**Goal of the exercise:** Word for word, give the data again without its pictures.

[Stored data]
○ ○ ○

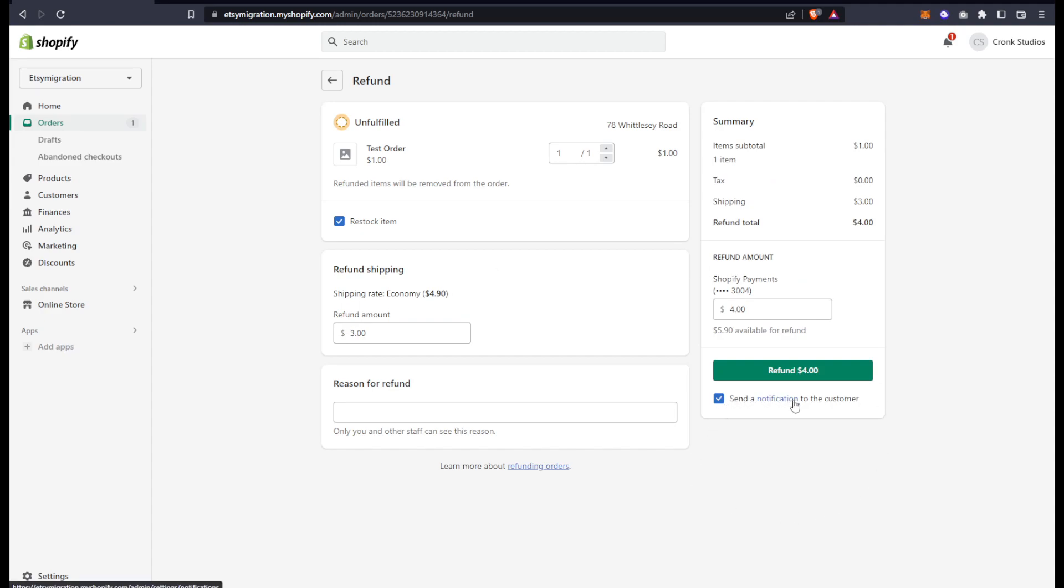Send a notification to the customer if you want, and this reason for refund over here is for internal notes.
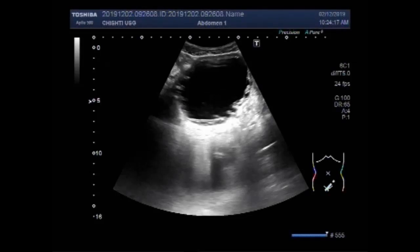Dear viewers, I hope you are all fine. This ultrasound video shows a trabeculated urinary bladder.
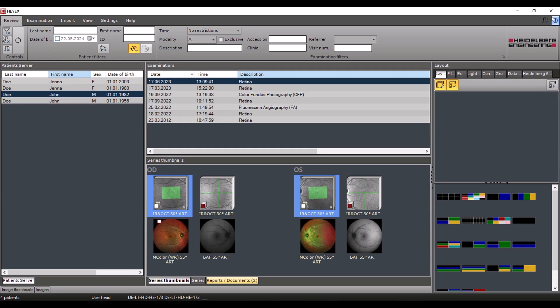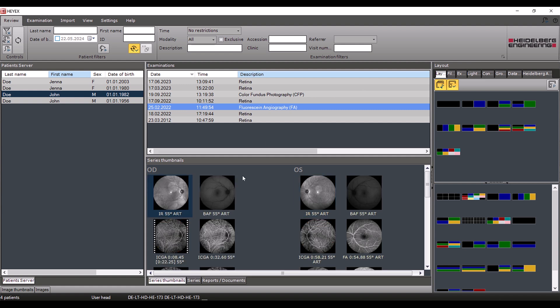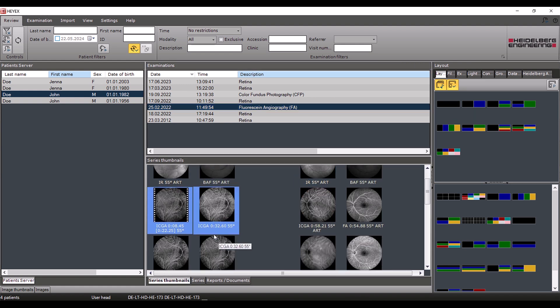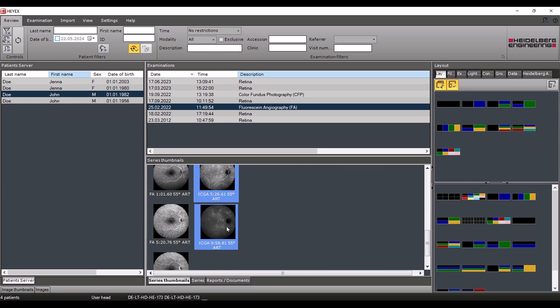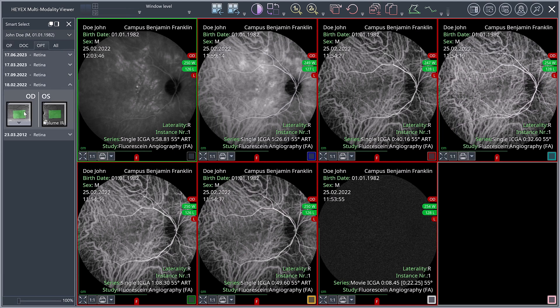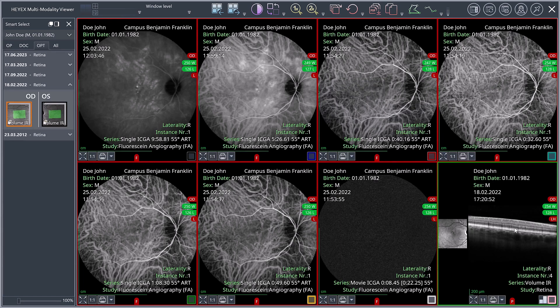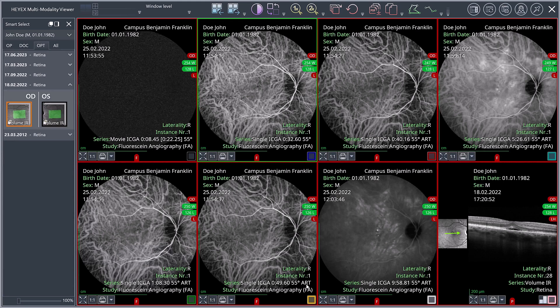The Multi-Modality Viewer is also ideal for displaying fluorescein or, as in this example, ICG angiographies. If you drag and drop seven images into the layout with eight viewports, one viewport remains free, to which you can drag and drop a chronologically appropriate OCT image. All the previously mentioned options for swapping images within the viewports and exchanging images from the Smart Select window are also available here.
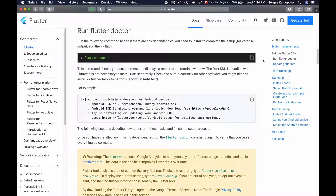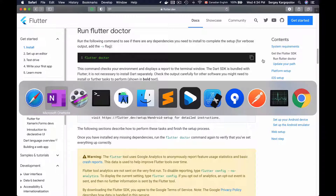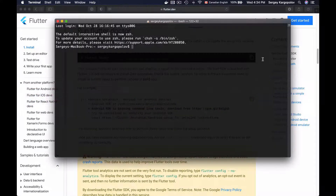Once you have installed Flutter SDK on your computer, the next step is to run the Flutter doctor command to see if there are any dependencies that we still need to install to complete the setup. And because we have put Flutter on the path in a previous video lesson, we can now run the Flutter command from any directory in a terminal window.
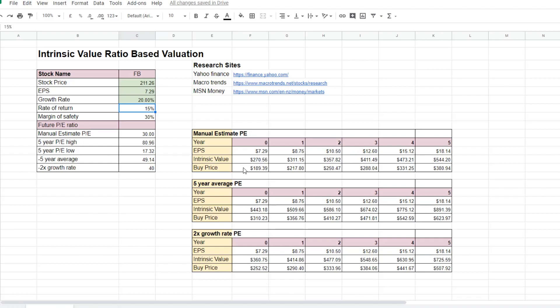In our Facebook example here, we have a manual estimated PE ratio of 30, and we have an intrinsic value of $270, assuming a 20% growth rate. However, when the PE ratio is 49, the intrinsic value increases to $443. And at a 30% margin of safety, using the manual estimated PE ratio, Facebook stock is not a buy. However, if we use the 49 PE ratio, the buy price is $310 at 30% margin of safety. And therefore, Facebook is a buy at this price.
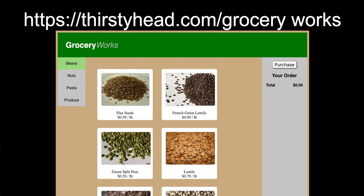Here's a website for a fictional grocery store called Grocery Works. As you click around, you'll see that tapping the categories on the left shows you different types of food items — beans, nuts, pasta, produce, and so on. Clicking on a food item adds it to the cart on the right. Clicking on the food item again removes it from the cart. Clicking purchase allows you to place your order or cancel it.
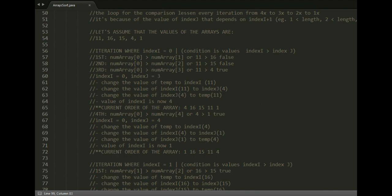The current value of numArray[i] is now 1. The current order of the array would change to 1, 16, 15, 11, and 4. The first and the last index have swapped.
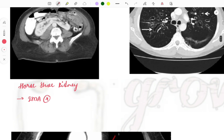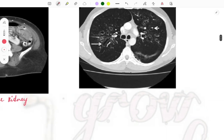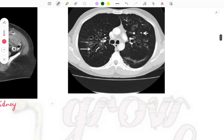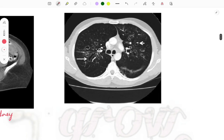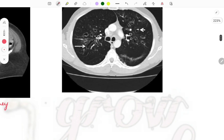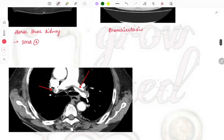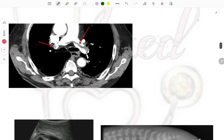This image is of bronchiectasis on CT chest — you can appreciate dilated bronchioles showing the signet ring appearance, where the dilated bronchiole surrounds the blood vessel. This is a famous image for the famous disease bronchiectasis.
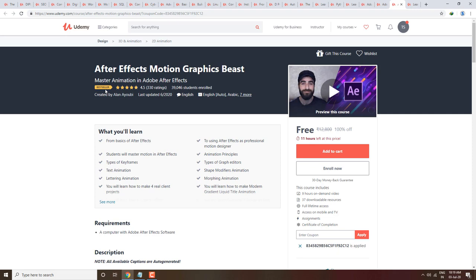Usually people buy these courses, but you will get them free. There are limited hours left, so please go ahead and enroll.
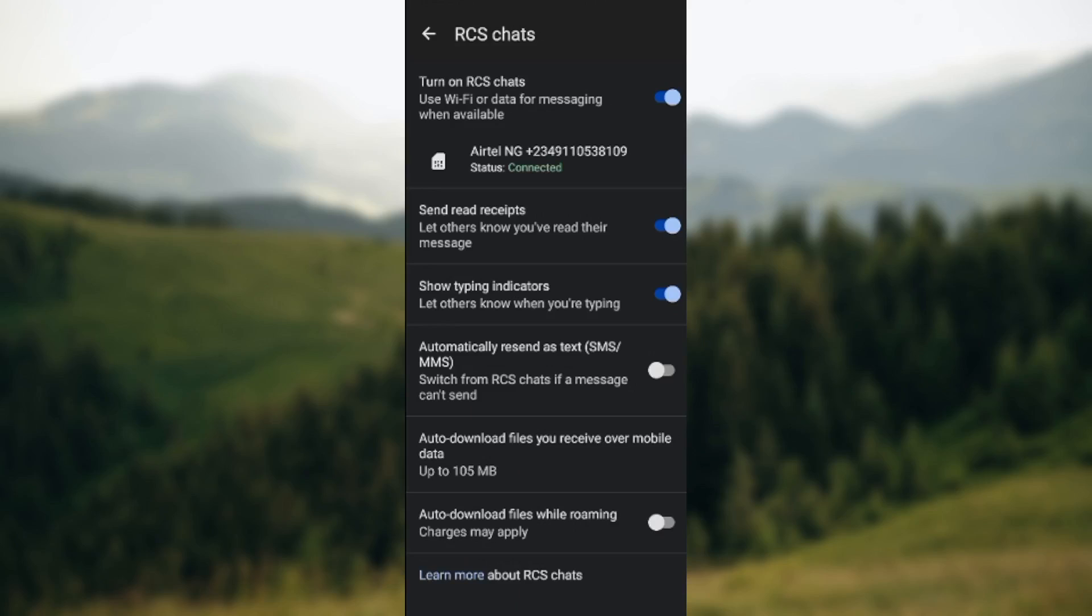Then you'll see Send Read Receipts. So to disable this, all you need to do is to tap on the toggle. Once it turns gray, the read receipts will be deactivated automatically.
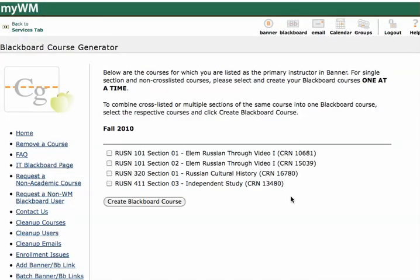As you can see here, this instructor is teaching two sections of the same class, and they want that combined into one Blackboard site. So I'm just going to go ahead and check the boxes for this 101 class, Section 1, and this other 101 class for Section 2, and I'll click on Create Blackboard Course.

○ ○ ○

**Solution to this task:**
Send a notification to the customer if you want, and this reason for refund over here is for internal notes.
Dear viewers, I hope you are all fine. This ultrasound video shows a trabeculated urinary bladder.
The Multi-Modality Viewer is also ideal for displaying fluorescein or, as in this example, ICG angiographies. If you drag and drop seven images into the layout with eight viewports, one viewport remains free, to which you can drag and drop a chronologically appropriate OCT image. All the previously mentioned options for swapping images within the viewports and exchanging images from the Smart Select window are also available here.
Once you have installed Flutter SDK on your computer, the next step is to run the Flutter doctor command to see if there are any dependencies that we still need to install to complete the setup. And because we have put Flutter on the path in a previous video lesson, we can now run the Flutter command from any directory in a terminal window.
In our Facebook example here, we have a manual estimated PE ratio of 30, and we have an intrinsic value of $270, assuming a 20% growth rate. However, when the PE ratio is 49, the intrinsic value increases to $443. And at a 30% margin of safety, using the manual estimated PE ratio, Facebook stock is not a buy. However, if we use the 49 PE ratio, the buy price is $310 at 30% margin of safety. And therefore, Facebook is a buy at this price.
Here's a website for a fictional grocery store called Grocery Works. As you click around, you'll see that tapping the categories on the left shows you different types of food items — beans, nuts, pasta, produce, and so on. Clicking on a food item adds it to the cart on the right. Clicking on the food item again removes it from the cart. Clicking purchase allows you to place your order or cancel it.
The current value of numArray[i] is now 1. The current order of the array would change to 1, 16, 15, 11, and 4. The first and the last index have swapped.
This image is of bronchiectasis on CT chest — you can appreciate dilated bronchioles showing the signet ring appearance, where the dilated bronchiole surrounds the blood vessel. This is a famous image for the famous disease bronchiectasis.
Usually people buy these courses, but you will get them free. There are limited hours left, so please go ahead and enroll.
Then you'll see Send Read Receipts. So to disable this, all you need to do is to tap on the toggle. Once it turns gray, the read receipts will be deactivated automatically.
As you can see here, this instructor is teaching two sections of the same class, and they want that combined into one Blackboard site. So I'm just going to go ahead and check the boxes for this 101 class, Section 1, and this other 101 class for Section 2, and I'll click on Create Blackboard Course.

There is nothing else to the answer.